OAuth 2.0 typically is concerned with access to single or few different data at a time. Often the nature of the data custodian makes the scope (OAuth’s term for what access is being authorized for) obvious, such as in providing access to one’s photos stored in a cloud. This scope is used in the third party request for authorization, according to the protocol.

For Green Button, however, scope is more complicated, and goes beyond the simple case of access to time series of Energy Usage Information. Many variables and options can pertain for a specific retail customer / data custodian pair. For example, a customer may be an electricity customer, a gas customer, or both. The customer may have five minute, hourly, or monthly data available. Additionally, the third party may have data preferences. For example, although monthly data might be available for a customer, a third party service may be designed to only exploit fine-grained data that is stored hourly in resolution or better.
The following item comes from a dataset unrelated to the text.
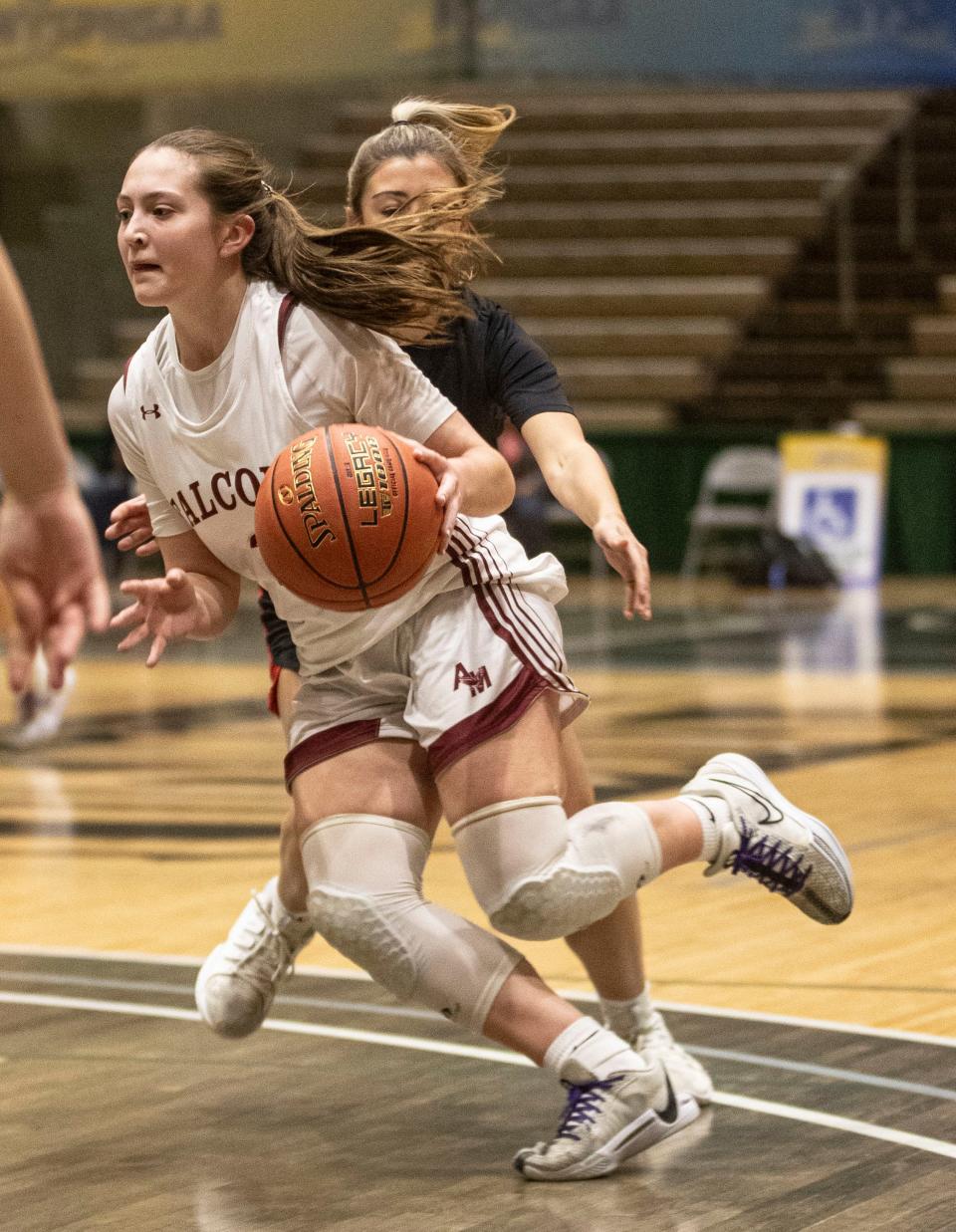 Albertus Magnus' Maddy Zuppe drives toward the basket against Hilton during the state Class AA girls basketball final on March 16, 2024.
For this reason, Green Button has a fairly detailed scope description language that allows for the third party, data custodian, and retail customer to discover the compatible data service that works for all three. This “scope negotiation” is outside the OAuth protocol and occurs prior to the operation of the OAuth process. It’s aim is to arrive at the acceptable scope string the third party can use to execute the authorization.

During scope negotiation, similar to the OAuth method of browser redirects, the retail customer visits both sites (the process can start at either data custodian or third party). During this process, the customer identifies himself to the respective parties, and those parties identify themselves to one other. The customer, properly authenticated at the data custodian stop, can identify the data available for him to share and select what to offer the third party. Note that both the data custodian or the retail customer may vary the availability of data based on any mutually-agreed basis, which may include what might be shared with a specific third party. The third party can determine if the data allows its service to be successfully provided (that is: “Do I have permission? Great!”), whereupon it can begin the OAuth authorization service.
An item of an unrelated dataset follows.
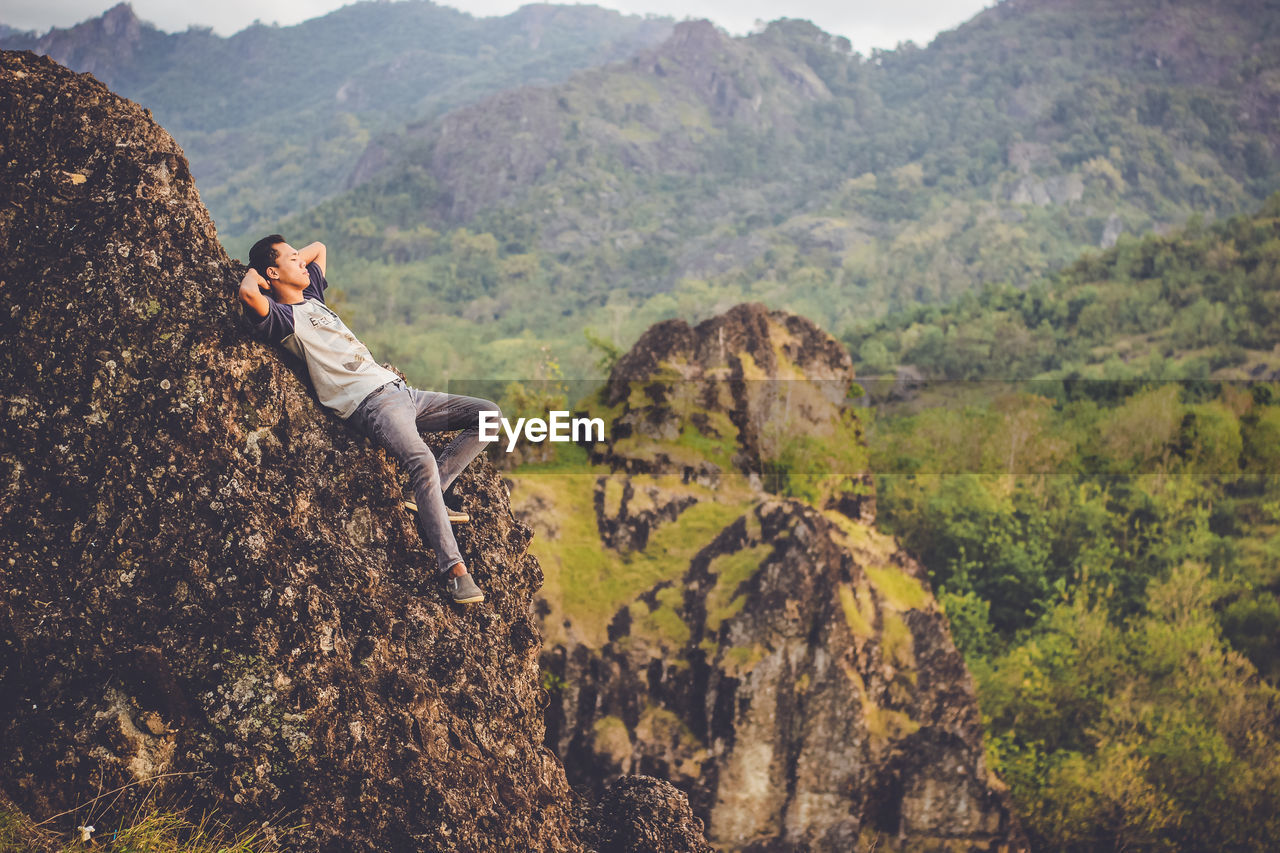 Side view of young man lying on rock formation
The resulting scope or scopes are shared with the third party. These are shared as one or more query parameters, each of which identifies a scope the data custodian and retail customer is willing to share with the third party.

For example, let’s assume third party that provides energy management services for a residential customer. This third party requires access to electricity and gas data. Optimally the data includes an hourly resolution for electricity and monthly resolution for gas in order for their software to provide the best strategy for energy efficiency and cost savings. Further, assume the customer has Municipal Gas and Electric (MG&E, a fictitious name) as his utility company. When the retail customer is sent to the data custodian, MG&E, from the third party website, the user is provided with the ability to authenticate himself as a MG&E customer and accept sharing with the third party. MG&E is willing to provide, for this specific customer for whom they actually provide gas and electric service, any of the following:

  • Monthly gas usage data
  • Hourly electric usage data
  • Monthly electric usage data
  • Hourly electric and monthly gas data

Once the customer sends the browser on its way back to the third party, these alternatives are conveyed. The third party recognizes that only one of these scopes will be optimal for its services and thus uses the “Hourly electric and monthly gas data” scope in the OAuth 2.0 authorization sequence. In the example described, the retail customer did not need to be burdened with details or dialogs to determine the appropriate scope. Yet, the third party and data custodian can negotiate behind the scenes (aka redirects) to find the suitable scope for this specific customer.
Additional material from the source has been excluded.